| Available data |

- Opening Delimiter -

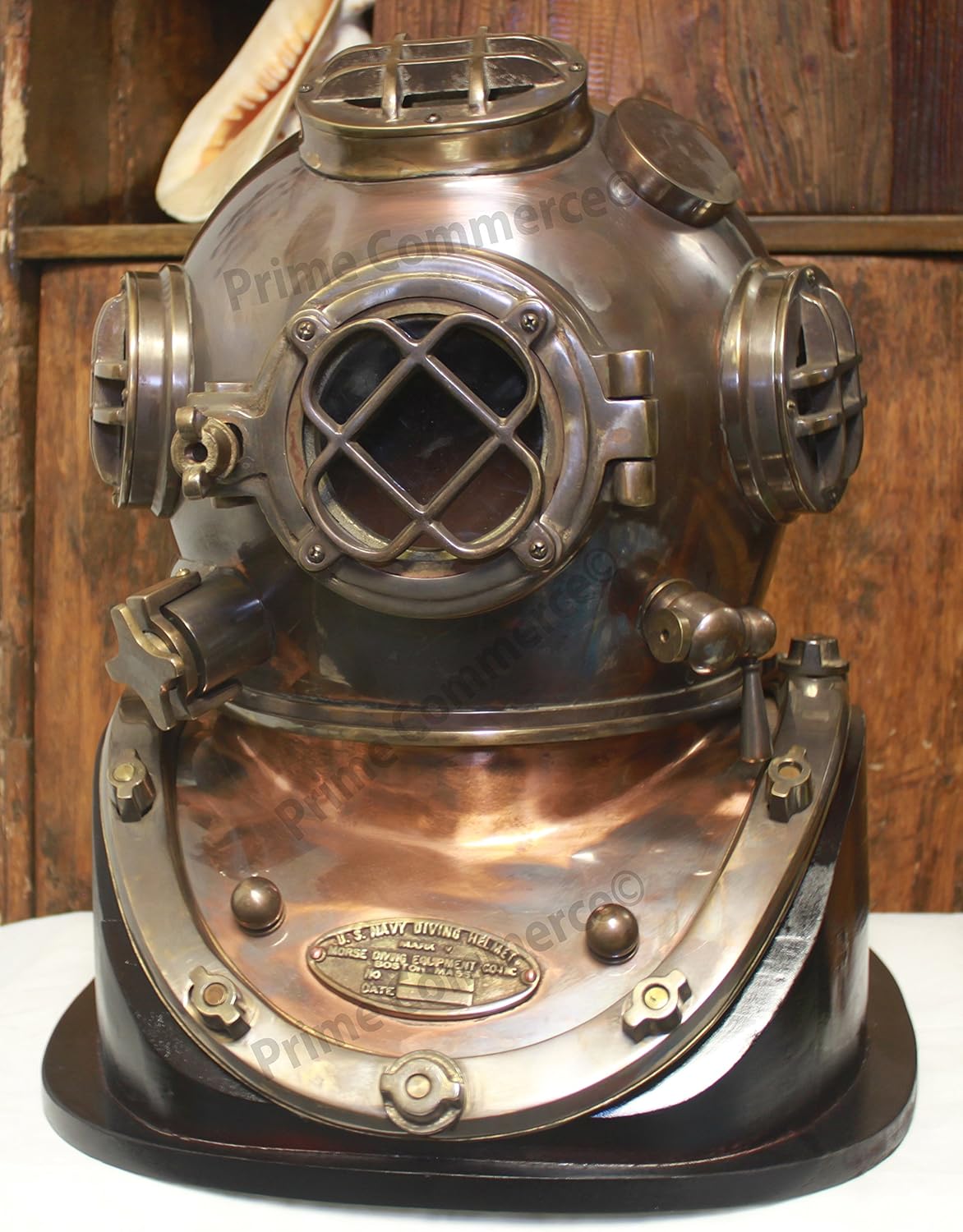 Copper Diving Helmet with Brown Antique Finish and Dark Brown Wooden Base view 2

- Closing Delimiter -
- Opening Delimiter -

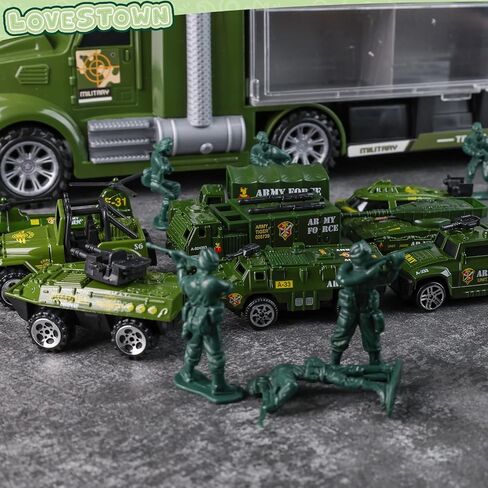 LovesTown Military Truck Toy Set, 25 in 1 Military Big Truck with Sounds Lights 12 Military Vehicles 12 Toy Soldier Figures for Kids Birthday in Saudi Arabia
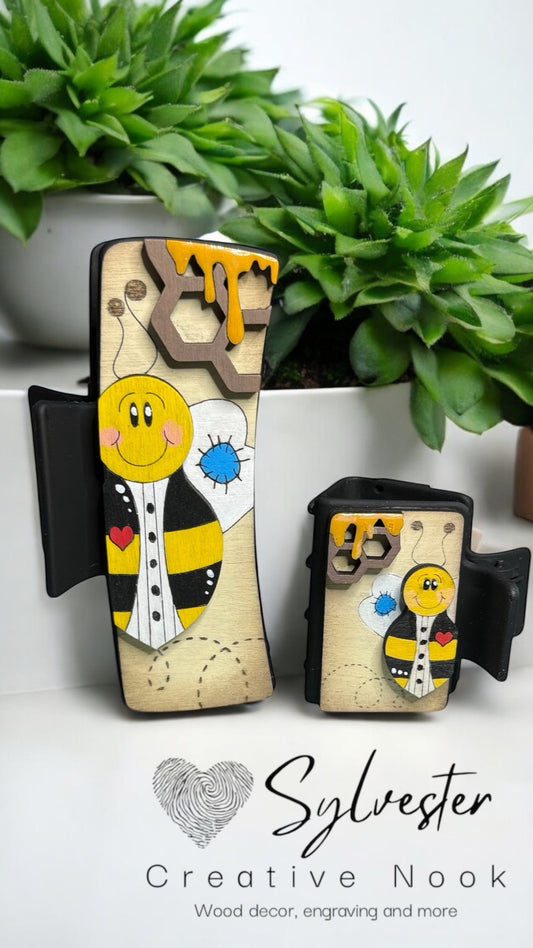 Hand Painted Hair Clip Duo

- Closing Delimiter -
- Opening Delimiter -

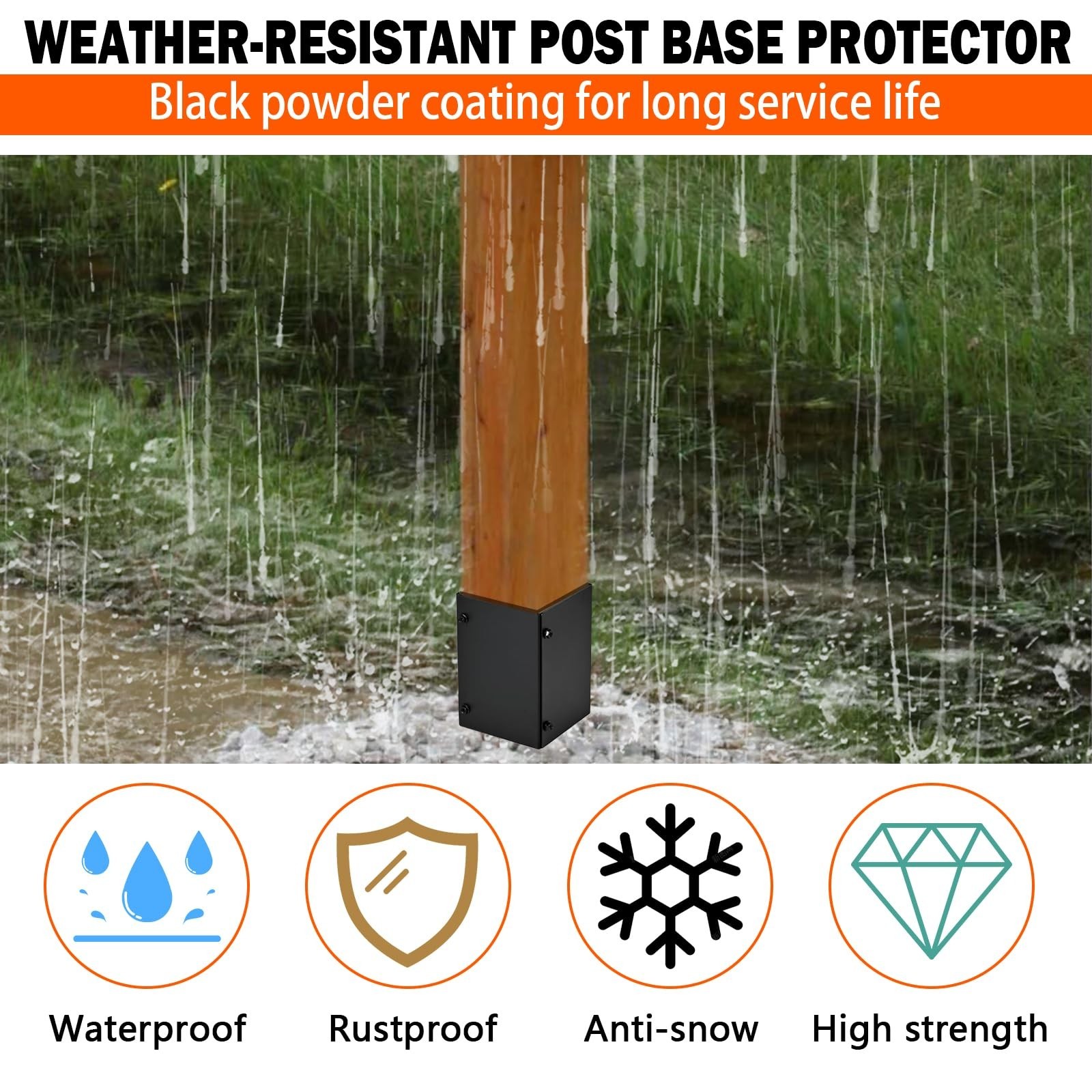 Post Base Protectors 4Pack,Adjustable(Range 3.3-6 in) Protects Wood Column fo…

- Closing Delimiter -

| How to complete this task |
Find where the line with "LovesTown Military Truck" sits in the material above and where the line with "Hand Painted Hair Clip Duo" sits. Set down exactly the lines from the first to the second, both included and nothing else, without pictures.

| Reply to the task |
 LovesTown Military Truck Toy Set, 25 in 1 Military Big Truck with Sounds Lights 12 Military Vehicles 12 Toy Soldier Figures for Kids Birthday in Saudi Arabia
 Hand Painted Hair Clip Duo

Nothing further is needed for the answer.